Mevsimlik tarım işçiliği, başlangıçta da vurgulandığı üzere esas olarak bir işçi işveren ilişkisidir. Mevsimlik tarım işleri, 6098 sayılı Borçlar Kanunu, 6331 sayılı İş Sağlığı ve Güvenliği Kanunu hatta, 51 ve daha fazla mevsimlik tarım işçisi çalıştıran tarım işyerleri İş Kanunu kapsamındadır.
Mevsimlik tarım işçisi olan mülteciler için yenilik var mı?
Ayrıca, 6458 sayılı Yabancılar ve Uluslararası Koruma Kanunu, 6735 sayılı Uluslararası İşgücü Kanunu ve “Geçici Koruma Sağlanan Yabancıların Çalışma İzinlerine Dair Yönetmelik” çerçevesinde özellikle “geçici koruma” altına alınan yabancılara (tanımı gereği Suriyeli, Iraklı vb.), mevsimlik tarım ve hayvancılık işlerinde çalışabilmeleri için “çalışma izni muafiyeti” tanındı.

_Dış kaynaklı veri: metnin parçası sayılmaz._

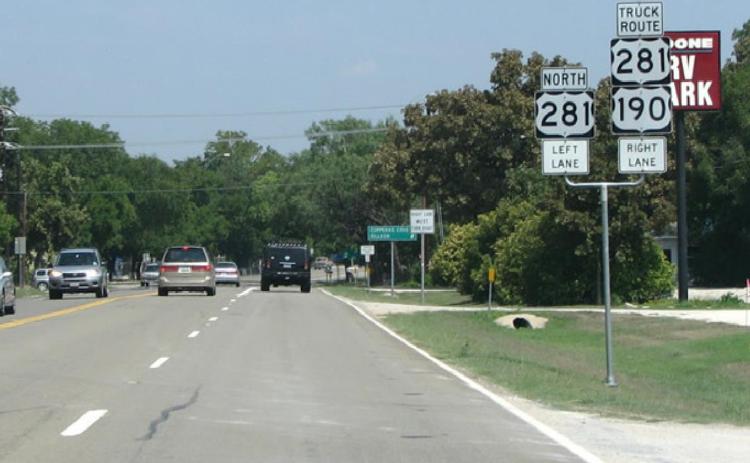 Trucks headed north along U.S. Highway 281 are directed on to U.S. 190 East to connect with nearby U.S. 183. AA ROADS.COM
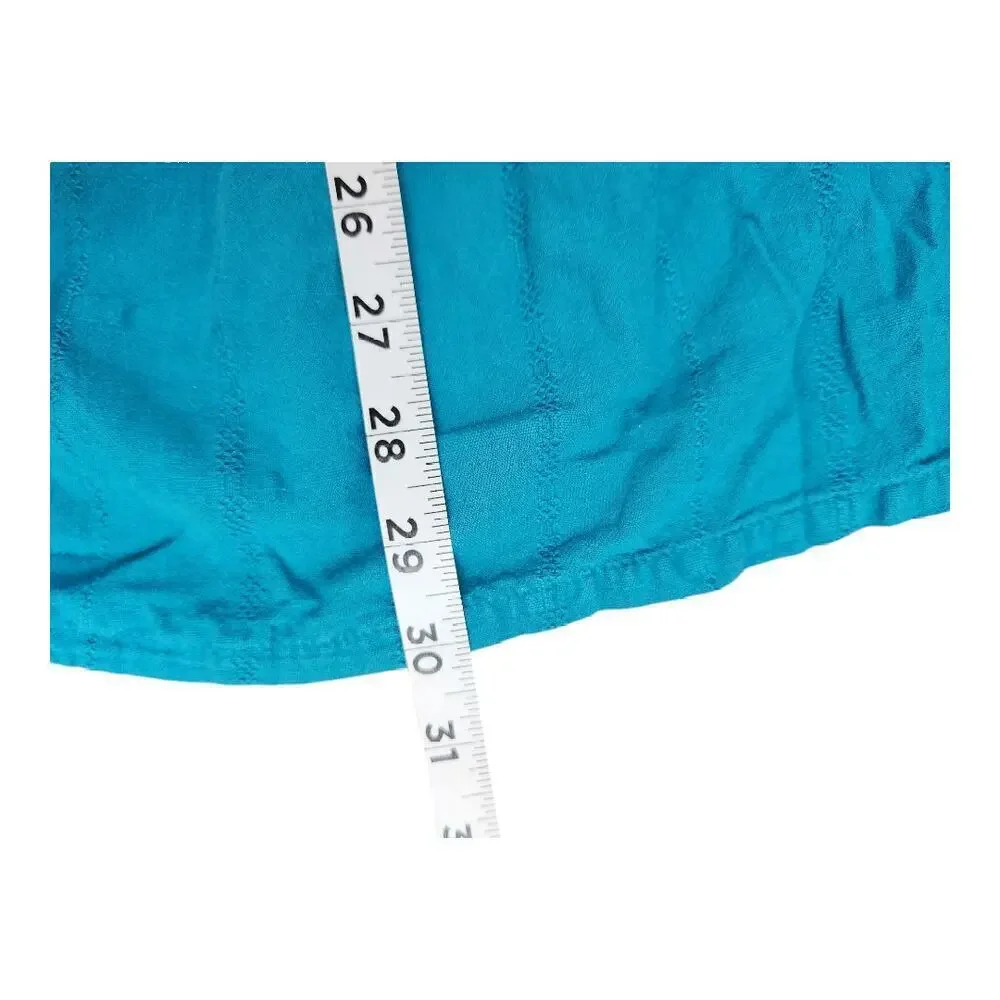 Catherine's women's sz 1X 18/20 cotton tunic blouse teal‎ 3/4 sleeve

Bu yasal düzenlemeler ışığında mevsimlik tarım ve hayvancılık işçiliğinin zaman içinde yoğun olarak söz konusu yabancı işçilerle sürdürülebileceği düşünüldüğünde, mevsimlik tarım ve hayvancılık işlerinin, olağan işçi işveren ilişkileri bağlamında ele alınmasını yürütecek idari alt yapının ( izleme, bilgilendirme, eğitim, denetim) bir an önce oluşturulmasına geçilmesi beklenir.
Halbuki 2017/6 sayılı genelgeyle sağlanmaya çalışılan hizmetlerin önemli bir bölümü doğrudan toprak sahibi işverenin yükümlülükleri arasında olmasına karşın, işverenin yasal yükümlülüklerine girenler de dâhil olmak üzere, tüm hizmetlerin kamu kurumları ve kaynaklarıyla ele alınmaya çalışıldığı görülüyor. Mevsimlik tarım işlerinde çalışanların çalışma ilişkisinden kaynaklanan sorunları da kamu eliyle çözümlenmek isteniyor. Üstelik fonksiyonel kılınan kurumlar ve kaynaklar farklı olduğundan, bunların koordineli bir şekilde çalışmalarının sağlanması gerekiyor ki bu da kolay değil. Nitekim 2010/6 sayılı genelgenin yetersiz kalmasının temel nedenlerinden biri de bu olsa gerek.
Mevsimlik tarım işçiliği, bu yıl yeni genelgenin şemsiyesi altında gerçekleşecek. Uygulamayı izleyip gelişmeleri görmek için mevsim sonunu beklemek gerekiyor. (DK/HK)
* METİP: Çalışma ve Sosyal Güvenlik Bakanlığı'nın 2014'te yürürlüğe koyduğu Mevsimlik Gezici Tarım İşçilerinin Çalışma ve Sosyal Hayatlarının İyileştirilmesi Projesi. Bu proje 2010 Başbakanlık Genelgesi çerçevesinde oluşturulmuştu.